The campaign is the brainchild of firebrand MEP Daniel Hannan, who resigned from his frontbench role in the European Parliament after David Cameron went back on his “cast-iron” guarantee of a referendum on the Lisbon Treaty, and has since dedicated himself to building populist right-wing campaigns modelled on the US Tea Party movement.
So far these attempts have been notably unsuccessful, but could Europe be the catalyst to mobilise people?
The EU Referendum Campaign hopes to build a groundswell of cross-party support by encouraging people to sign up to a Pledge in support of a “referendum on who governs Britain: the EU or our elected parliament.”
This will be used to put pressure on sitting MPs :
As the number of people taking The Pledge increases we will inform the government, sitting MPs, as well as the prospective candidates of rival parties in their constituencies, of the running total of voters in each seat demanding our Referendum. We will be naming and shaming MPs and candidates who refuse to commit as well as publicising and praising the names of those who have themselves signed The Pledge.
The campaign has a slick website, a Westminster office and a core team led by James Pryor, a veteran Euro-sceptic who was responsible for UKIP’s 2010 election campaign.
The campaign website has no information on sources of funding, but Campaign Director Marc Glendening told me that the group is being bank-rolled by Toby Blackwell’s, the President of Blackwell’s bookshops who has previous involvement in Euro-Sceptic groups such as Open Europe. (Interestingly, although one might expect to find a conventional free market capitalist behind such trenchant Euro-scepticism, Blackwell has been in the news this week over his plans to emulate John Lewis and hand control of his company to staff.)
The EU Referendum Campaign will certainly need all the funding it can get if it to achieve its ambitious goals of harnessing the electoral power of voters across the country:
We will go into marginal constituencies and challenge the local politicians and prospective candidates at public meetings to account for their respective positions on this key issue.
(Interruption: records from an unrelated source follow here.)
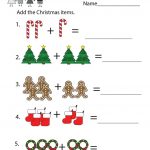 Kindergarten Christmas Math Worksheet Printable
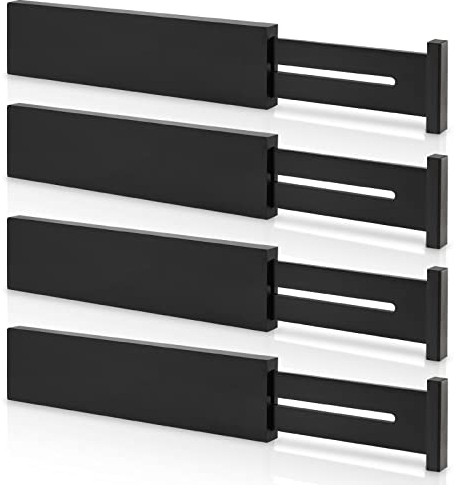 FJO Verstellbare Schubladenteiler aus Bambus – 30 cm – 43,2 cm, erweiterbare Schubladentrenner für Küche, Utensilien, Kleidung, Schlafzimmer, Kommode, Badezimmer, Schwarz, 4 Stück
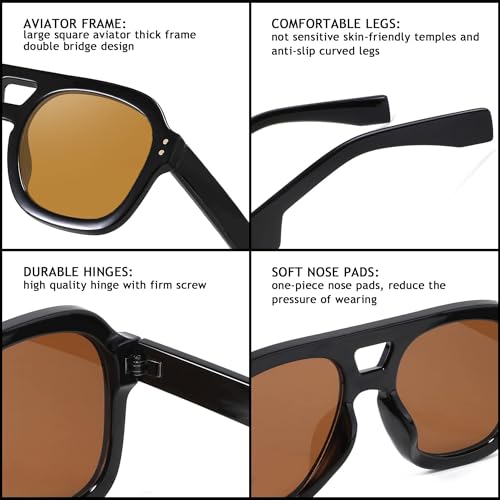Image of FEISEDY Vintage Aviator Sunglasses Double Bridge Women Men Large Square Thick Frame Trendy Eyewear UV400 B2846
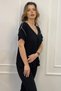 Women's Black Blouse with Piping Detail on Collar and Sleeves - 6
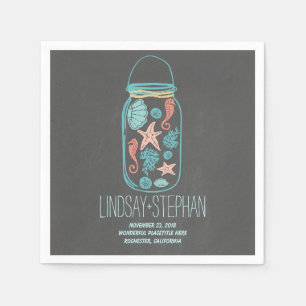 Serviette En Papier Belle et romantique Plage Papier de mariage servie
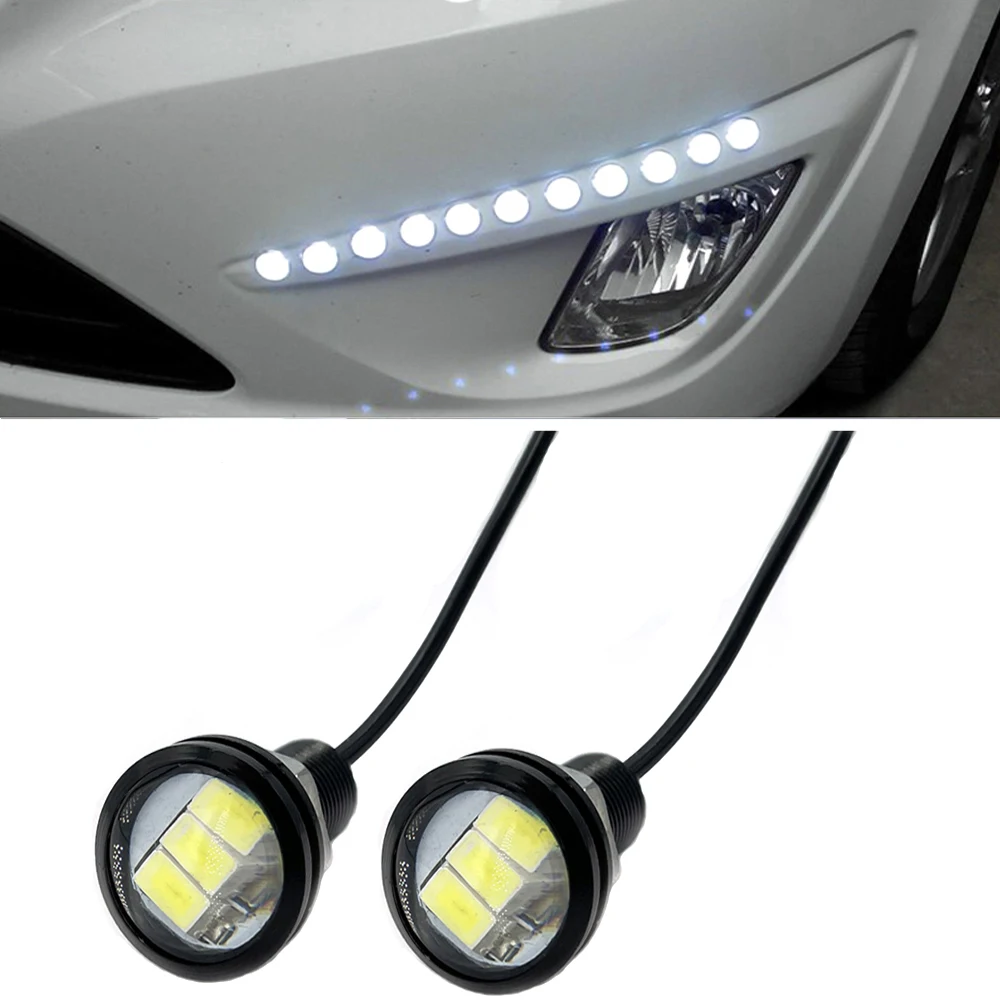 2pcs 23MM Car Eagle Eye DRL Led Daytime Running Lights Auto LED Backup Reversing Parking Signal Automobiles Lamps Red Yellow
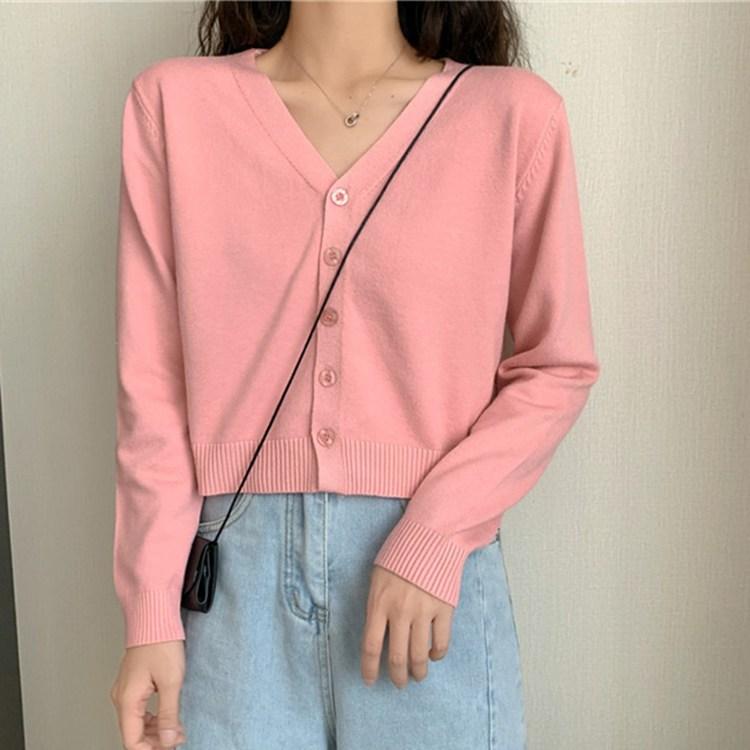 Sweater Knitted Cardigan Button Jacket Autumn Winter V-neck Long Sleeve Casual Short Tops For Women Sweater Grey White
Leaflets will be distributed door to door keeping constituents informed about where the local politicians stand.
Much of the initial momentum for the campaign comes from the view that this is the “real” referendum people want to have rather than the “meaningless” one we are being offered on electoral reform.
Unsurprisingly, most of the those involved are people who have been in and out of the Tories and UKIP, but the campaign aspires to be cross-party, appealing to Euro-sceptics on the left, and even supporters of the EU who take the position (which was effectively Lib Dem policy in 2008 at the time of the Lisbon Treaty) that there should be a public debate and vote on our membership of the EU in order to resolve the issue once and for all.
Currently, John Mills of the little-known Labour Euro Safeguard Committee is on the Council, but if the campaign wants to convince people it’s not just a front for UKIP and the Tory right, then it will have to succeed in its efforts to attract euro-sceptic Labour MPs such as Austin Mitchell and Kelvin Hopkins.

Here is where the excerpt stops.